Rambling post on the well-worn aesthetic



How many of you subscribe to Anthology? I had a subscription, didn't realize it lapsed, and recently renewed. My first issue back was the winter "Americana" issue, which I received last week sometime. I sat down with it, turned on My Little Pony so I could read it cover to cover, uninterrupted, ripped open the plastic sleeve, deeply inhaled the beautiful smell of fresh ink on paper, and started reading.

This issue, described by the editor as a "cross section of Americana", felt odd and alienating. I do a lot of over-thinking, so it wasn't surprising when I sat down to read it again, trying to pinpoint the lingering uneasiness**. Then it hit me: our quirky yard (and the experience of having it judged), the cracks in our house, the problems with living in an old structure; it's not all sunshine and perfect imperfection.

Peeling paint in an older home, to a home appraiser, means lead tests must follow. Cracks in original plaster mean the foundation must be checked. Peeling aged wallpaper and rusty old pipes means the resale value of the home goes down. How do I know? We've been trying to buy the house we're in, built in 1943, and it's not so easy for a first time home owner currently living in the structure .

From what I understand, banks these days aren't really on the side of  first time home buyers unless they have a sizable down payment or are purchasing a new-ish  home. They want the security of knowing upfront that if we stop paying they'll be able to get their money back. That makes sense.

But it also means a fixer-upper, an estate with the patina and visual interest of age, and drafty, energy inefficient windows are no longer affordable, available, and attainable, but the eye candy of the rich. Yes, that bothers me. Not because poor people should live in bad conditions, but because we're romanticizing what could otherwise be difficult living; hardening ourselves against housing inadequacies.


According to Bloomberg BusinessWeek and the Census Bureau, in 2011"the official poverty rate essentially held at 15 percent, meaning that 46.2 million people live below the poverty line."

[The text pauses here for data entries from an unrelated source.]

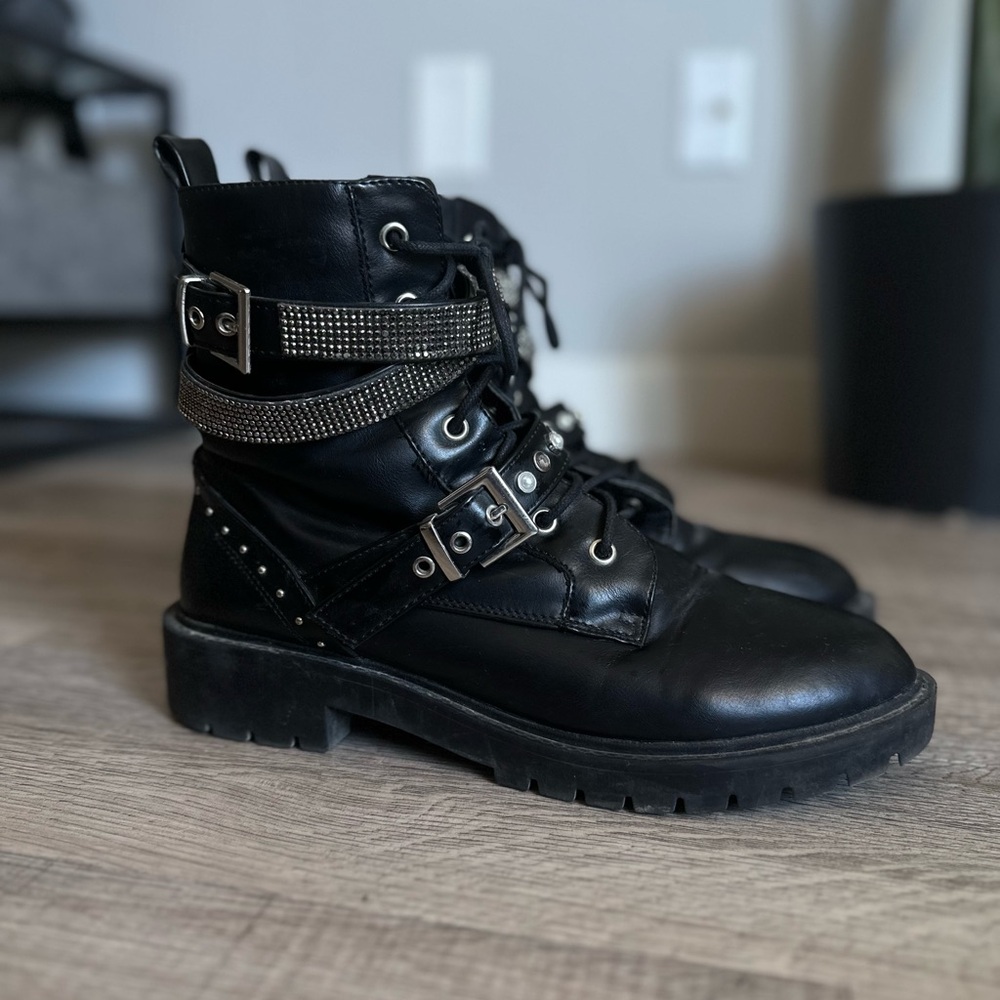 Edgy Black Combat Boots with Silver Studded Straps
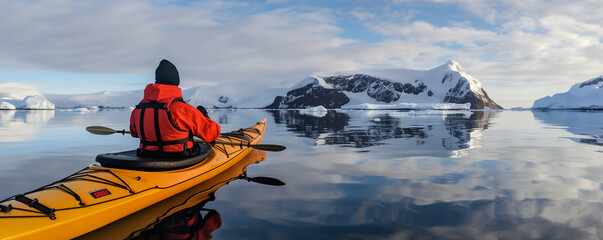 active sports, winter kayaking in Antarctica. extreme types of recreation. ai generative - obrazy, fototapety, plakaty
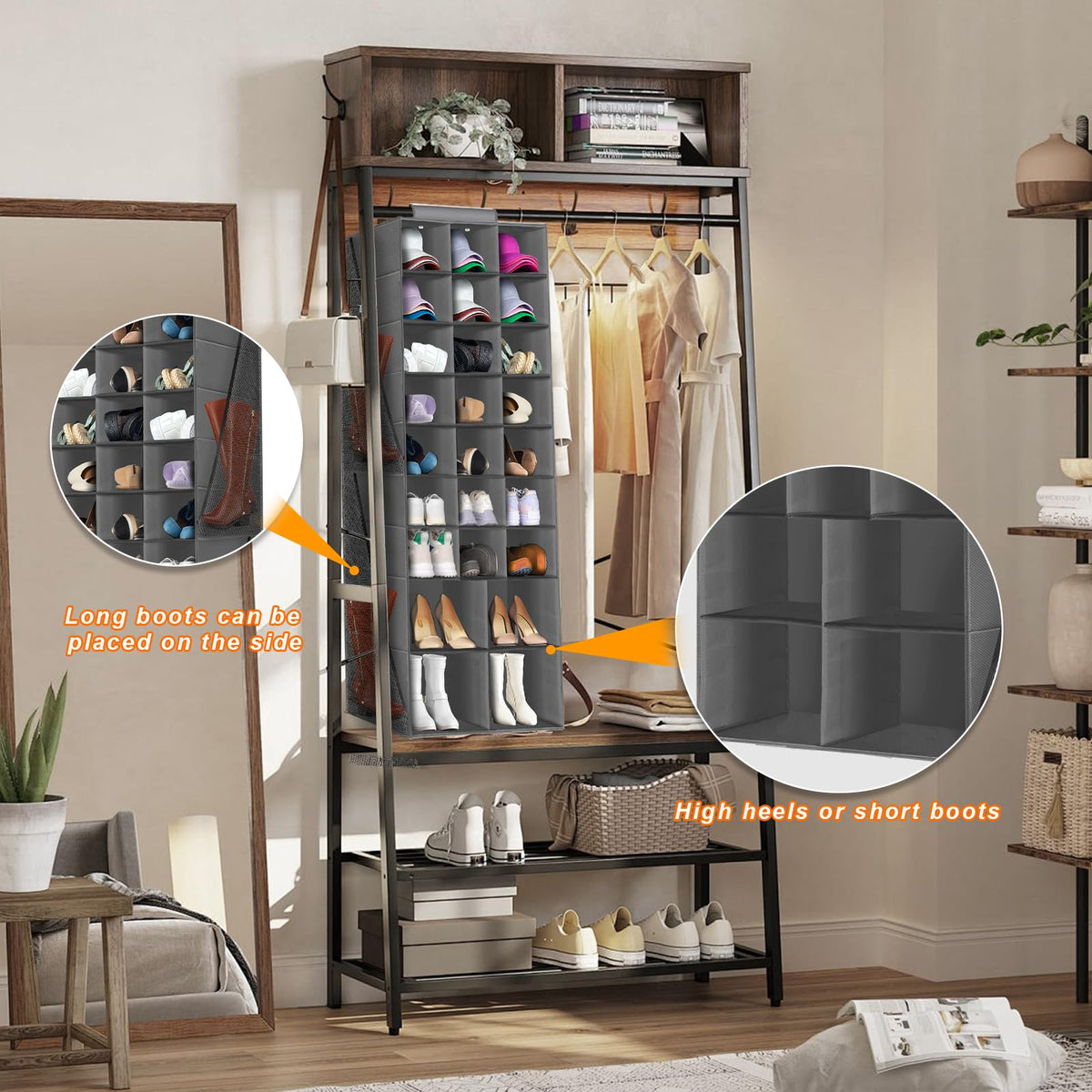 Hanging Shoe Organizer for Closet, Hanging Shoe Storage Rack Holder Shelves,Collapsible Shoe Closet Organizers and Storage with 4 Large Side Pockets,25 Sections for Shoes,Hats,Clothes(Gray)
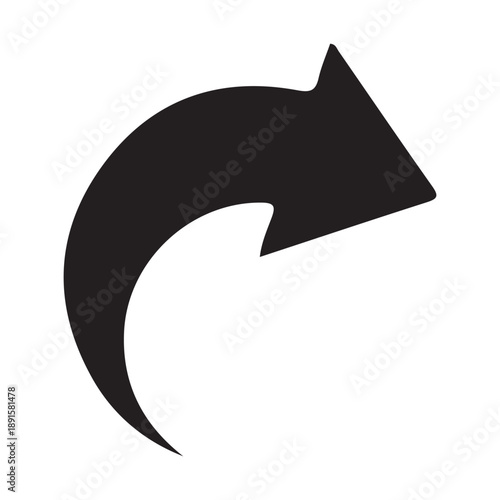Curved black arrow icon pointing right with sharp arrowhead for sharing
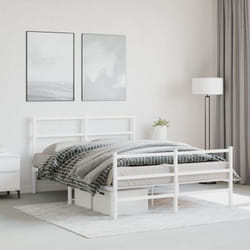 Giroletto con Testiera e Pediera Metallo Bianco 140x200 cm Vidaxl 50552
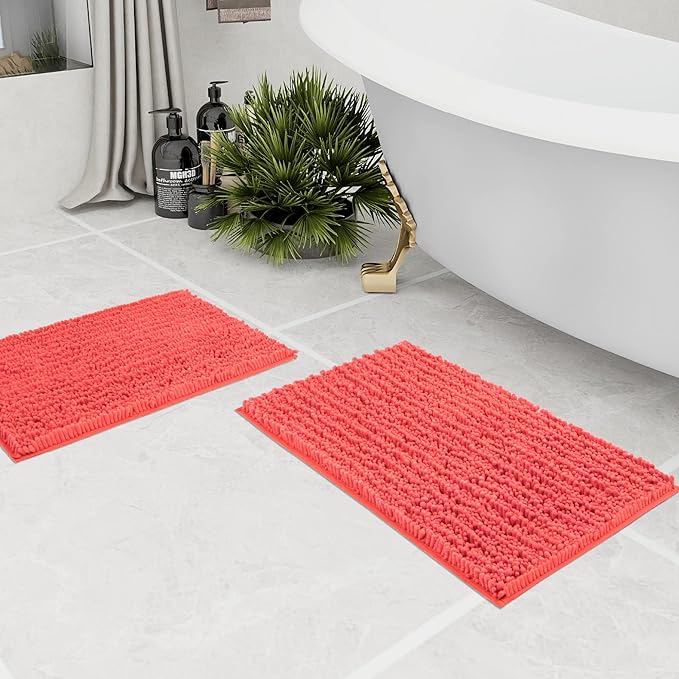 Walensee Bathroom Rug 2 Pieces Set Non Slip Bath Mat (17x24 Plus 20x32 Inch Living Coral) Water Absorbent Super Soft Shaggy Chenille Machine Washable Dry Extra Thick Perfect Carpet for Shower Floor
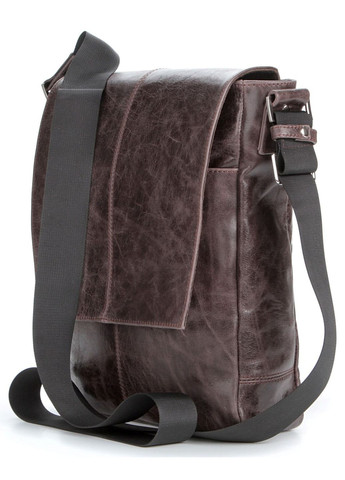 Шкіряна сумка крос боді чоловіча месенджер через плече коричнева 00796 Shvigel (329198646)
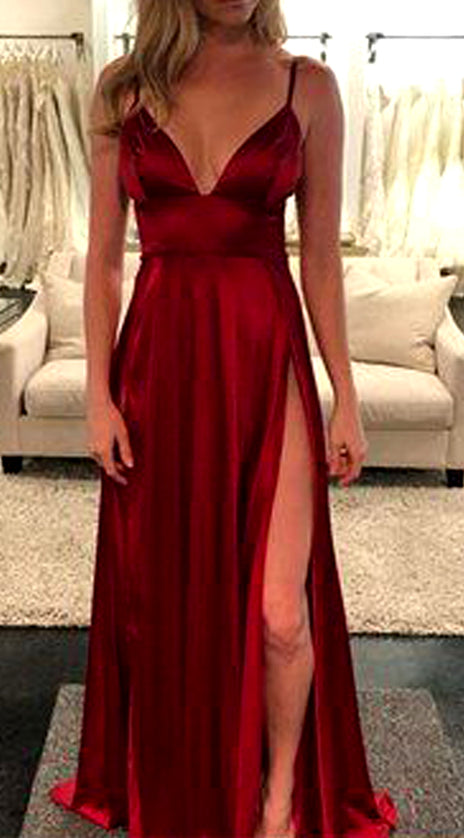 MACloth Spaghetti Straps V Neck Long Prom Dress Burgundy Formal Evening Gown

Which leads us back to the content of the magazine: homes of executives filled with peeling paint, textures from residents' past, old, seemingly rickety windows, starkly contrasting shelves packed with valuable antiques and art bought on trips around the world. Look how simple we are! Look at the imperfection we embrace! We are charming and we are real! There's a common aesthetic throughout, which makes the magazine feel beautifully cohesive, implausibly homogeneous, and entirely dishonest.

While income figures were not part of the content, with 2 Anthropologie executives featured in a single issue. I know I pick on Anthro a lot, but as Forbes describes the Anthro market, I'm clearly not part of their market,
"Anthropologie’s ideal demographic is affluent, settled-down career women in their 30s and 40s, with an average family income of $200,000 a year. The brand sells its products at premium prices points, for example, $250 sundresses, $400 shoes, $700 end tables." 
As executives for a retail store aimed above my means, I'm pretty sure that translates to an income far greater than my own. One of the executives is featured because he owns a hobby train store in Ohio, while living in Pennsylvania. The other has made a quaint home near Philly filled with just peeling paint and old-house-character galore. Other homes include a vacation home for a Bay Area couple, and that of designer John Derian.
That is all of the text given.